Consider 2 kg of an ideal gas (R=300 J/(kg.K) and Cp=1000 J/(kgK)) contained in a piston cylinder arrangement. The cylinder has a small valve at the end opposite to the piston.The cylinder walls are not adiabatic and allow heat transfer. The initial pressure and volumeare 0.1 MPa and 2 m^3. At time t=0, the gas starts leaking extremely slowly (at theconstant rate of 0.001 kg/s) through the valve (the opening of the valve can be assumed to be controlled to allow a constant leak rate) while the piston is allowed to move. The piston can be considered frictionless. The leakage stops at t=1000s.
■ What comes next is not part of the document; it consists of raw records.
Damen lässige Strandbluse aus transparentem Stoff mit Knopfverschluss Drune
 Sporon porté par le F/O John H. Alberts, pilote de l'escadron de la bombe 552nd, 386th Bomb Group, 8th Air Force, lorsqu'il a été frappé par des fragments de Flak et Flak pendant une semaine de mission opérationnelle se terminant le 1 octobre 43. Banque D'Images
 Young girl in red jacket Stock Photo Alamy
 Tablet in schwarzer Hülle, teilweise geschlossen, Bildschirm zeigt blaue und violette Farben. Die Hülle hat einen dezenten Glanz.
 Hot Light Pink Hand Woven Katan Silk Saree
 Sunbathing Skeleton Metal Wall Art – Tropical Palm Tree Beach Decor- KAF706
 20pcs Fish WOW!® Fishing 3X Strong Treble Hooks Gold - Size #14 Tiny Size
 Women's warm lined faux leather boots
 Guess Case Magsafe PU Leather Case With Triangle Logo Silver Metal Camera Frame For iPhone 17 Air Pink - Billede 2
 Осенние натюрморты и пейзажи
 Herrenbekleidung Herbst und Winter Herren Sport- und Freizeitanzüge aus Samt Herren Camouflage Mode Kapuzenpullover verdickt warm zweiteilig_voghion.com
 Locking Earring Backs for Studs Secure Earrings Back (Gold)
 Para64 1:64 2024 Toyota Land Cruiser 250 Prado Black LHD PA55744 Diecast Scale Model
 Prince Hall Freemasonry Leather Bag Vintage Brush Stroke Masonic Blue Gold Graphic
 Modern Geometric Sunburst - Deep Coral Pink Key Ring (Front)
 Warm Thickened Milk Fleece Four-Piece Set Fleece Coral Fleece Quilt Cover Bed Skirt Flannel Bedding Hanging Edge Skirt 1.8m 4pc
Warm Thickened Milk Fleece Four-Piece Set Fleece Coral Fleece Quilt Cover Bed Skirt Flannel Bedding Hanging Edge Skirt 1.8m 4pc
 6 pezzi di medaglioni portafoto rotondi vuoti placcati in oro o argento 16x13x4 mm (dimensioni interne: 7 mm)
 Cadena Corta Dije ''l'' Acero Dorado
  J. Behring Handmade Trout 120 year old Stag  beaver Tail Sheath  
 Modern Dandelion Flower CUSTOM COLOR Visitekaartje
The whole process can be considered to take place quasistatically with local equilibrium being achieved instantly within the cylinder.The pressure and temperature of the gas do not change during this process.
Answer the following questions.
4A. What is the final volume of the gas (in m3) ?
4B. What is the heat transfer during the process (in joule)?
4C. What is the change in the specific entropy of the gas in the cylinder(in J/(kg.K))?
4D. What is the entropy production rate, in kW/K?
To answer these questions, we need to understand the process and apply the appropriate thermodynamic principles.
Given:
Mass of the gas (m) = 2 kg
Universal gas constant (R) = 300 J/(kg·K)
Specific heat capacity at constant pressure (Cp) = 1000 J/(kg·K)
Initial pressure (P1) = 0.1 MPa
Initial volume (V1) = 2 m^3
Gas leakage rate (dm/dt) = 0.001 kg/s
Time when leakage stops (t2) = 1000 s
4A. What is the final volume of the gas (in m^3)?
To find the final volume (V2) of the gas, we need to consider the mass change during the leakage process. The ideal gas law can be used to relate the initial and final conditions:
P1V1 = P2V2
Rearranging the equation for V2:
V2 = (P1V1)/P2
Given that the pressure of the gas remains constant throughout the process, the final volume can be calculated as:
V2 = (P1V1) / (P2) = (0.1 MPa * 2 m^3) / (0.1 MPa) = 2 m^3
Thus, the final volume of the gas is 2 m^3.
4B. What is the heat transfer during the process (in joules)?
Since the process is quasi-static and the temperature and pressure remain constant, the change in internal energy (∆U) of the gas is zero. Therefore, the heat transfer (Q) during the process can be calculated using the first law of thermodynamics:
Q = ∆U - W
where ∆U is the change in internal energy and W is the work done on the gas.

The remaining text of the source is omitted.